Input records:
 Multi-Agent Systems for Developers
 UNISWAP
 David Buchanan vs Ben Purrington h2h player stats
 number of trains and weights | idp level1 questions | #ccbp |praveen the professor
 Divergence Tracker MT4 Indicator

...

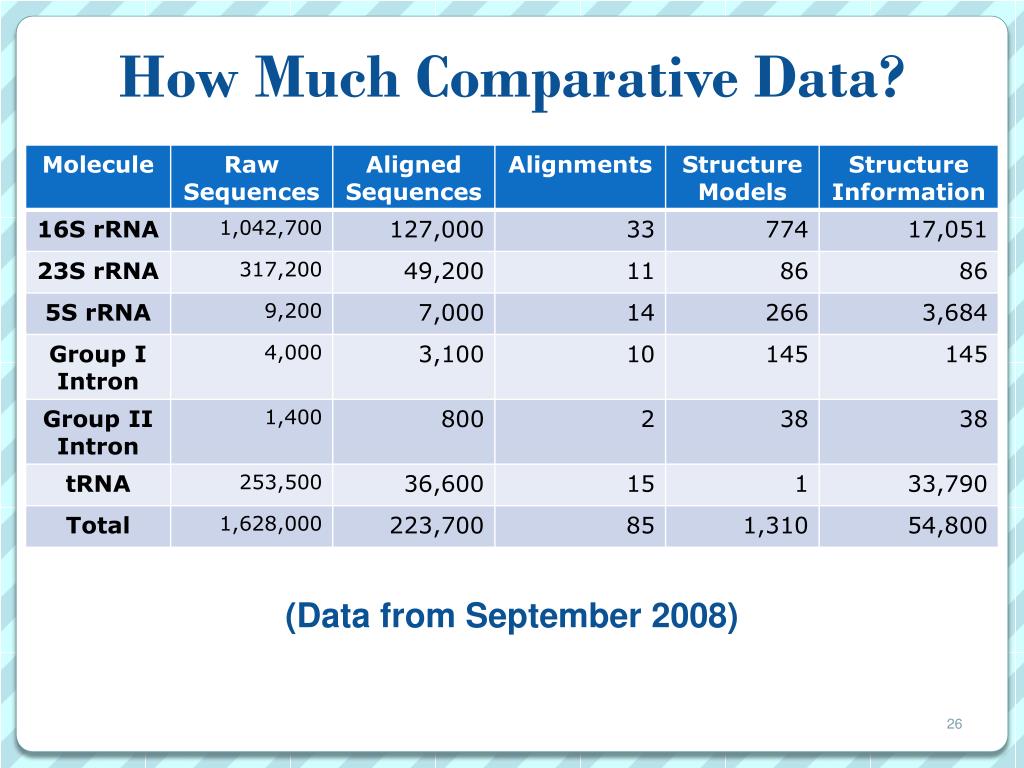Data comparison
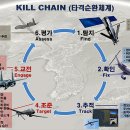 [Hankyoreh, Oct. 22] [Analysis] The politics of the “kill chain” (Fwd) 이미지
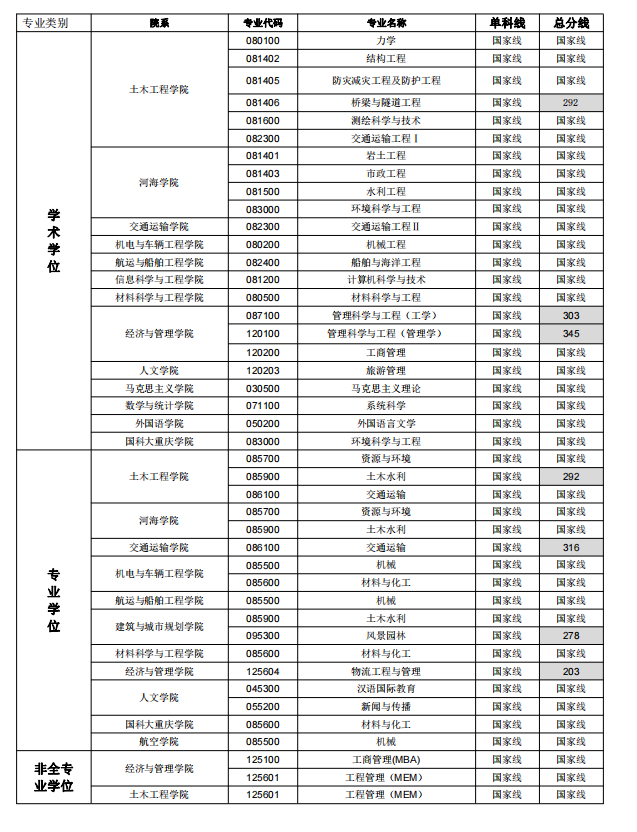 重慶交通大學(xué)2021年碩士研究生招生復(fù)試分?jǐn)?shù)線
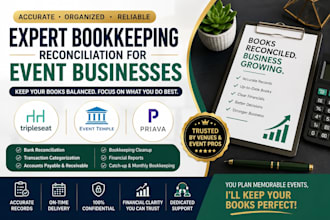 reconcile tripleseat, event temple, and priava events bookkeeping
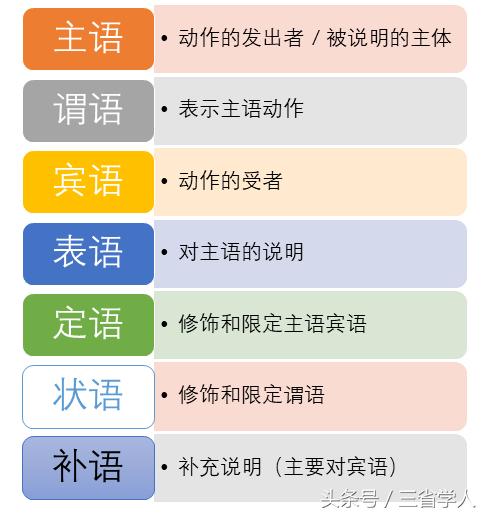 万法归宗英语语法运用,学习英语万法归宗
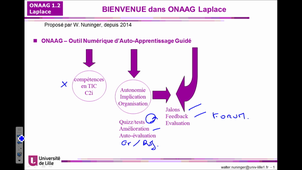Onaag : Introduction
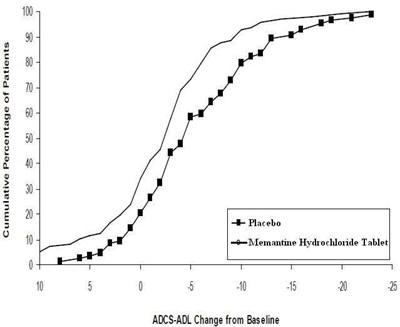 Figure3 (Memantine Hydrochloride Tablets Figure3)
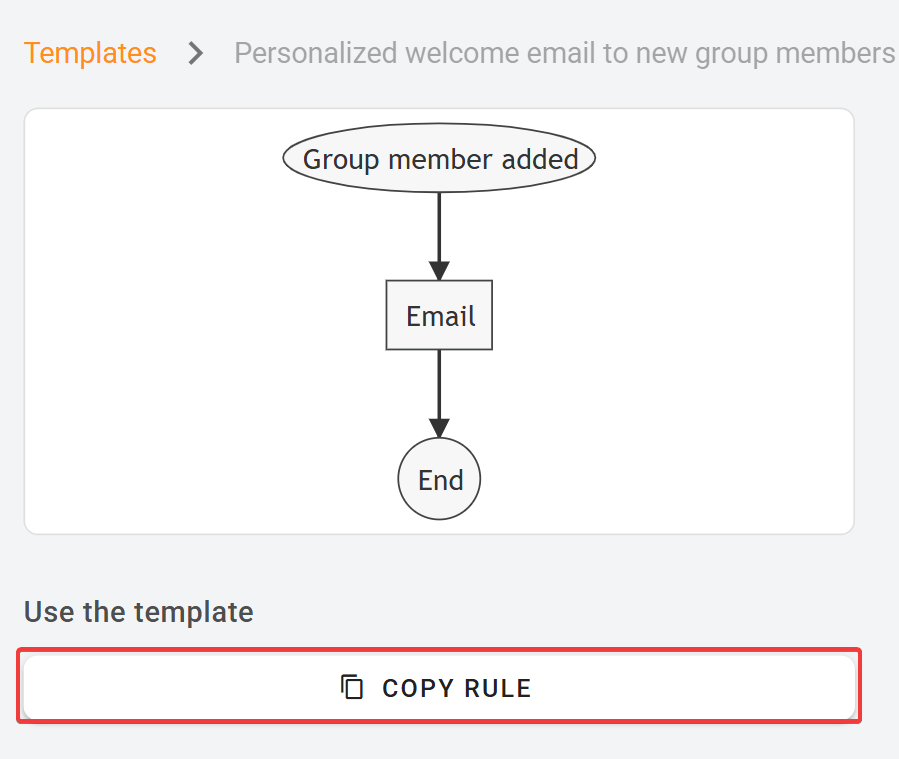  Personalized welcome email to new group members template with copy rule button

Exercise details: Starting at the line that has "number of trains" in the records above, restate word for word every line until the one that has "Divergence Tracker MT4 Indicator", and include that one as well.

Finished task:
 number of trains and weights | idp level1 questions | #ccbp |praveen the professor
 Divergence Tracker MT4 Indicator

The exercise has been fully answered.